If you expect innovation, give people the time and space to do it. If you don’t, employees will always default to their regular tasks. After all, they get paid to “make the doughnuts.” Unless you give them permission to do otherwise, that is all they will do. I tell my employees I expect 20 percent of their time to be spent on innovation. And I hire extra people so we can get both production and innovation.
I built what I call a “Google-like campus in a factory,” a high-tech space designed to facilitate innovation. Our employees named it the “Creation Station.” My employees are welcome to gather there whenever they want to. And they often do, collaborating across the organization in the pursuit of new products and processes. Some people will tell you such a space does not have a return on investment (ROI), unlike a CNC machining center. I can tell you it does. Our Creation Station has returned orders of magnitude in ROI with new products and improved internal processes.
A CNC machine has a finite useful life and must be replaced. Not so an innovation space, as it constantly renews itself. Other critics have said building such a space only gives employees an excuse to goof off. To that I say, “you have the wrong employees—get the right ones.”

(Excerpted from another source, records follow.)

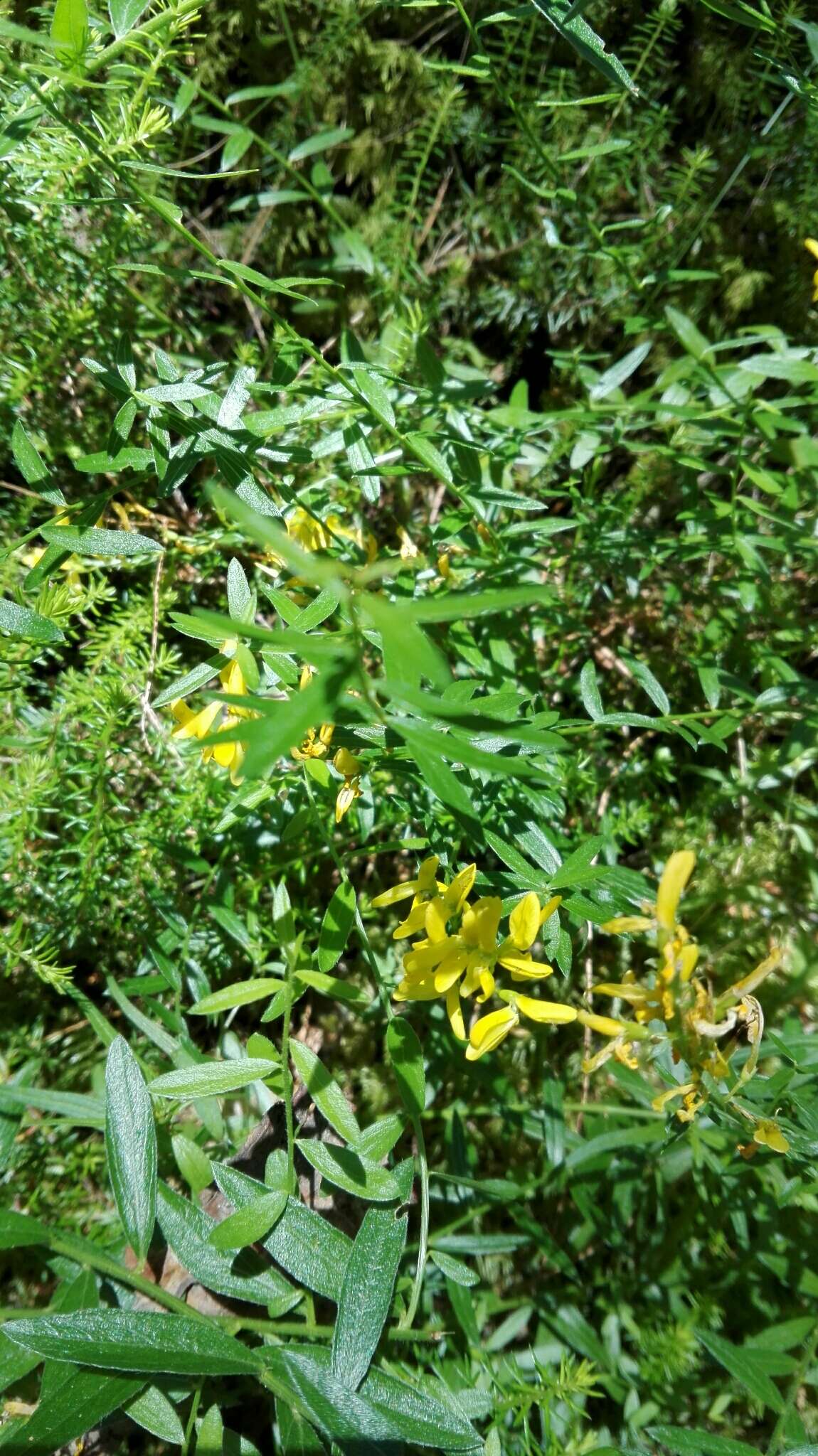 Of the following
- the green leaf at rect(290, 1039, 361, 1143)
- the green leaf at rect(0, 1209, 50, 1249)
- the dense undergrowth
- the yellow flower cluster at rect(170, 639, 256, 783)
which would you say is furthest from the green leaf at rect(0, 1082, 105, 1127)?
the yellow flower cluster at rect(170, 639, 256, 783)

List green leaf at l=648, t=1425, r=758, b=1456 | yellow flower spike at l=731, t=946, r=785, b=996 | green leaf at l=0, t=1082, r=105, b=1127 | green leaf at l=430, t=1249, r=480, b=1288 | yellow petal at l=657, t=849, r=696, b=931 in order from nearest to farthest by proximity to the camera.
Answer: yellow petal at l=657, t=849, r=696, b=931 → yellow flower spike at l=731, t=946, r=785, b=996 → green leaf at l=648, t=1425, r=758, b=1456 → green leaf at l=430, t=1249, r=480, b=1288 → green leaf at l=0, t=1082, r=105, b=1127

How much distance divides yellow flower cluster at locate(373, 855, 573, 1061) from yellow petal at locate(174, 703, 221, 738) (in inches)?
10.5

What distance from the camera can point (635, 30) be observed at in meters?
1.44

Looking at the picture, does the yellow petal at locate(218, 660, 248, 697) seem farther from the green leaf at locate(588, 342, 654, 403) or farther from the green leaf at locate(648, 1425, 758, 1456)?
the green leaf at locate(648, 1425, 758, 1456)

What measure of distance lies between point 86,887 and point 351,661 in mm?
743

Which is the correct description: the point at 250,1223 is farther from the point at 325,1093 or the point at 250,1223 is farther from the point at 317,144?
the point at 317,144

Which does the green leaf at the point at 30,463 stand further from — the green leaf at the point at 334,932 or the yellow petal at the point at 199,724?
the green leaf at the point at 334,932

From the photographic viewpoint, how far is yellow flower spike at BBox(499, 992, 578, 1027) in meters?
0.76

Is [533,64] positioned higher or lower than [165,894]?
higher

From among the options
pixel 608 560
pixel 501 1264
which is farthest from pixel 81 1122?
pixel 608 560

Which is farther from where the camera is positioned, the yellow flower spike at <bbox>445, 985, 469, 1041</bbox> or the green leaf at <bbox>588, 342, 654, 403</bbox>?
the green leaf at <bbox>588, 342, 654, 403</bbox>

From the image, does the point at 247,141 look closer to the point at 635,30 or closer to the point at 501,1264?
the point at 635,30

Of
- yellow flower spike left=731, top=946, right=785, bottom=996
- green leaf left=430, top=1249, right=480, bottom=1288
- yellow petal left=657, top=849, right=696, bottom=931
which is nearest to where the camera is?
yellow petal left=657, top=849, right=696, bottom=931

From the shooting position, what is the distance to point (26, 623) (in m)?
0.83
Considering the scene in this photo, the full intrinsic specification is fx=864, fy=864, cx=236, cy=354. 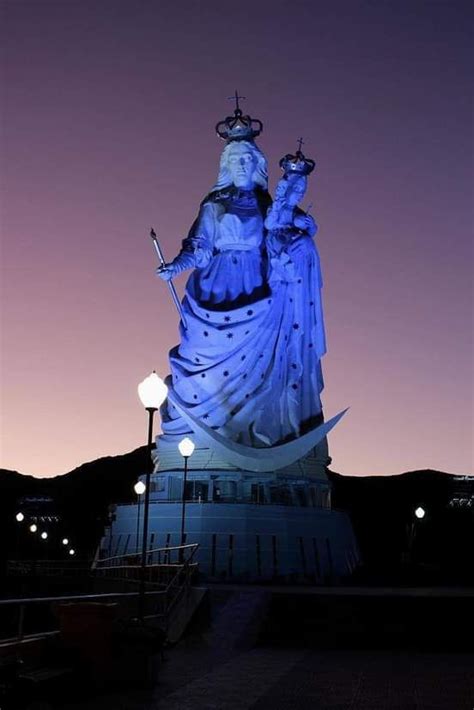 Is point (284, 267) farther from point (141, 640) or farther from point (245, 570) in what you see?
point (141, 640)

Without risk, there can be no innovation. The world of innovation is murky and uncertain. You must give people permission to fail. Otherwise, they won’t even try. I tell other CEOs, “don’t take risks—take big risks.” Little risks have puny returns and don’t motivate people to do extraordinary things. By big risks, I don’t mean “bet the company” risks. Always validate risk as best you can with the information and market intelligence you can gather. Keep validating your assumptions along the way.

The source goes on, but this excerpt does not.